I'm now ripping on v.1.1.2, colour tones is a nice touch, all seems good


----------



## Click (Sep 10, 2016)

arthurbikemad said:


> I'm now ripping on v.1.1.2, colour tones is a nice touch, all seems good



I found that the "Standard" works fine for me.


----------



## arthurbikemad (Sep 10, 2016)

Click said:


> arthurbikemad said:
> 
> 
> > I'm now ripping on v.1.1.2, colour tones is a nice touch, all seems good
> ...



Same here, flicked through them and thought, yep, works, back to standard


----------



## East Wind Photography (Sep 10, 2016)

Where is the option to set the gps retention time? I see the update interval but cant locate the retention interval.


----------



## Click (Sep 11, 2016)

Yellow Menu Page 3:

-GPS Settings

-GPS Logger

-Position data retention ... Choices are: 10 min, 30 min, 1 hour, 3 hours, 6 hours, Unlimited.


----------



## douglaurent (Sep 11, 2016)

All the Sigma and Tamron lenses that didn't work right or didn't work at all still don't work after this update. Combined with the fact that only third party crop lenses do work on the 1DX2 full frame mount, and the fact that 4K video is only crop, this means especially the zoom lens options are very limited now.

Thanks again Canon for all the many unnecessary limitations in a 6500 euro camera!!!


----------



## Tony Pags (Sep 11, 2016)

Anyone got a link to the firmware? Normally Canon Rumours posts a link to the download.


----------



## East Wind Photography (Sep 11, 2016)

Thanks Click. Not sure how I missed that. However it's not the first time I've gone through all of the menus to find something.


----------



## GuyF (Sep 11, 2016)

douglaurent said:


> All the Sigma and Tamron lenses that didn't work right or didn't work at all still don't work after this update.



The firmware is written by Canon for a Canon camera, not for the benefit of third-party manufacturers.

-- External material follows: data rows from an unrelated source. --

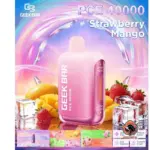 geek-bar-pce-40000-puffs-disposable-vape-50mg-in-uae-strawberry-mango.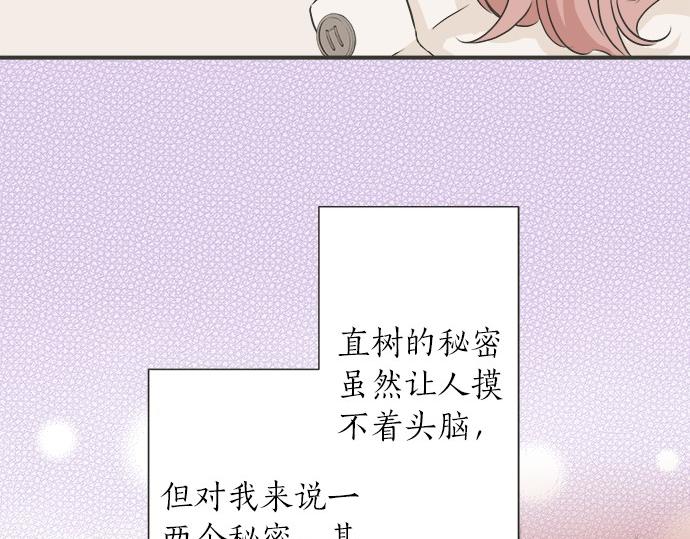 第75话 真实的自己(1/2)-第61话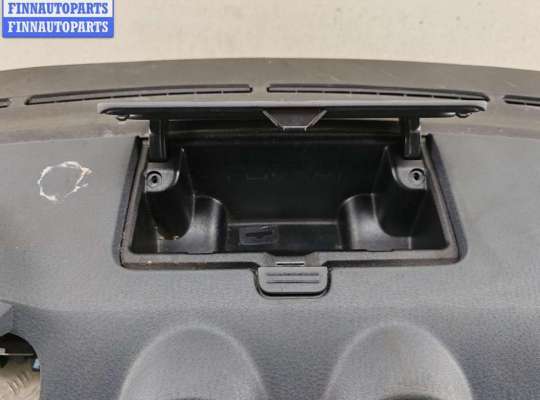 купить Панель приборная (торпедо) на Ford Fusion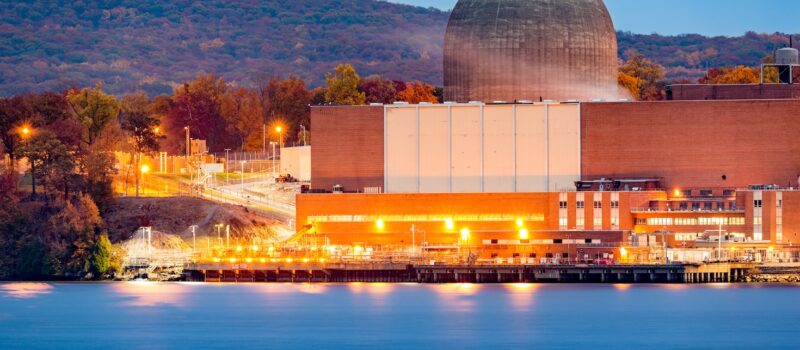 this-week-in-climate-policy:-4-stories-you-should-follow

If you want your Sigma to work with it, download the Sigma firmware update for their lens or return your 85mm f1.4 to them to be re-chipped.


----------



## GuyF (Sep 11, 2016)

Tony Pags said:


> Anyone got a link to the firmware? Normally Canon Rumours posts a link to the download.



Normally Canon Rumours users can also use a search engine. 

http://learn.usa.canon.com/resources/articles/2016/eos1dx-markii-firmware-update.shtml?cm_mmc=TW-_-PRO+MKT+PRODUCT-_-2016-08-31_0456PM_TWPRO_1dx-_-129336:3718627

https://www.usa.canon.com/internet/portal/us/home/support/details/cameras/dslr/eos-1d-x-mark-ii?tab=drivers#Z7_MQH8HIC0L88RB0AMD0F1Q42K25


----------



## arthurbikemad (Sep 11, 2016)

Did they add "fine detail" style in the last firmware, I don't remember it there before, perhaps I missed it? Not that I use anything other than standard.


----------



## LordofTackle (Sep 11, 2016)

arthurbikemad said:


> Did they add "fine detail" style in the last firmware, I don't remember it there before, perhaps I missed it? Not that I use anything other than standard.



Nope, it was there right from the start. 
But I am also using only Standard style.


----------



## LordofTackle (Sep 11, 2016)

Click said:


> Yellow Menu Page 3:
> 
> -GPS Settings
> 
> ...



does "unlimited" mean in this case "until the GPS picks up a new signal"?


----------



## Click (Sep 11, 2016)

LordofTackle said:


> Click said:
> 
> 
> > Yellow Menu Page 3:
> ...




As I understand it, yes.


----------



## Click (Sep 11, 2016)

East Wind Photography said:


> Thanks Click. Not sure how I missed that. However it's not the first time I've gone through all of the menus to find something.




You're welcome, Sir.


----------